Izabella avalia, que pela falta de habilidade do governo brasileiro, a conta fica para o próximo (Mídia Ninja)

 

Fake news, populismo, desconhecimento da causa e a defesa de processos produtivos ultrapassados corroem a agenda ambiental brasileira. O país, que antes tinha poder na agenda internacional, só se preocupa com a imagem e para isso, “embarca na onda” de acordos que estabelecem metas que ao que parece nem sabe como vai fazer para cumprir. Planejamento, não há.
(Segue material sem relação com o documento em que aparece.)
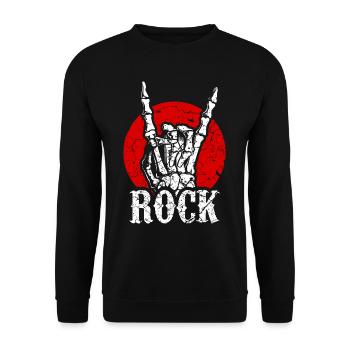 Musique rock - Sweat-shirt Unisexe - noir - Devant - Alina (178cm) & Michal (187cm)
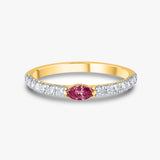 Pink Marquise Ring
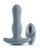 Renegade Gemini Anal Plug Vibrator With Remote - Gray
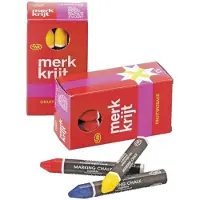 ZHK Merkkrijt Zeskant Geel 12/Doos
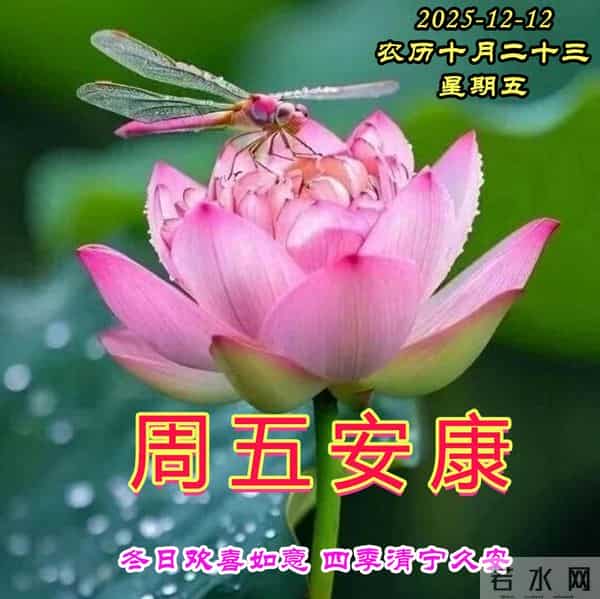 周五早安问候美图-冬日欢喜如意 四季清宁久安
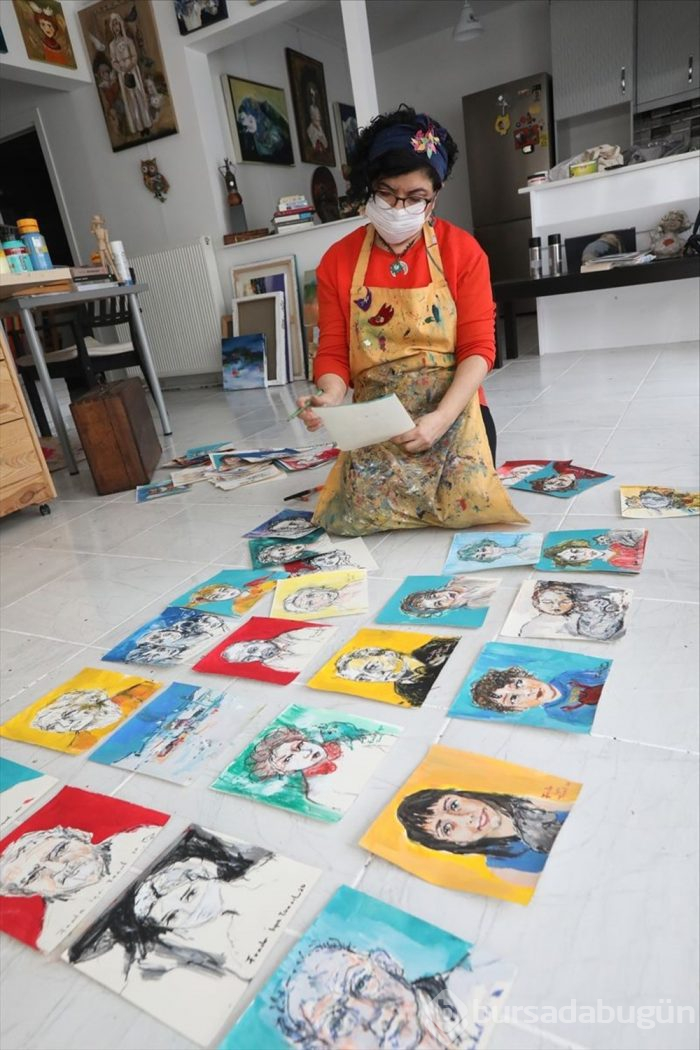 Cerrahi maskeler sanat eserine dönüşüyor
A falta de compromissos mais assertivos, dá vazão também, para que tudo não passe apenas de palavras ao vento.

Ao analisar o cenário do Brasil frente às negociações e também, dos outros países, a ex-ministra do Meio Ambiente, Izabella Teixeira, disse à equipe de reportagem da MÍDIA NINJA, que está em Glasgow, que o Brasil chegou à COP26, corrigindo meta, assinando acordos para 2030 sem saber se vai cumprir pois não há por exemplo, qualquer projeção para 2025.

“Ele não estabelece meta pra 2025, então pode sugerir um processo aberto de desmatamento. Passa a impressão que está empurrando a conta para frente”, avalia. Ela também analisou a situação do Brasil em relação a um tema que é o calcanhar de Aquiles. “A importância da agenda de uso da terra e da agricultura nesta COP, ela emerge como uma agenda estratégica particularmente para os países do sul. A agricultura brasileira, para ela dar certo, tem que deixar o desmatamento para trás”.

Para Izabella, que hoje é co-presidente do International Resource Panel, da ONU, A agricultura tem que olhar não só para a questão da produtividade, mas tem que trabalhar a eficiência dos recursos naturais. “Ela tem que ser inclusiva e social, ela tem que garantir o direito das populações tradicionais, dos pequenos produtores, dos indígenas, dos quilombolas, ou seja, é uma mudança muito grande, uma nova relação do homem com a natureza”.

Confira parte da entrevista. Ao final da matéria, está disponível também, vídeo com a entrevista.

 

Quais suas impressões sobre essa COP?

Há alguns diferenciais, como o anúncio da declaração de floresta, dos recursos, dos fundos adicionais para as populações indígenas e para essa disputa agora da declaração de metano. Tem a história dos 100 bilhões anuais, ajuda financeira que talvez ainda não esteja clara no processo e não acho que vai ficar clara – tomara que eu esteja errada -, mas eu acho que tá muito mais para você adicionar recursos em função da progressividade de ambição, do que os países envolvidos cumprirem o que eles prometeram no passado.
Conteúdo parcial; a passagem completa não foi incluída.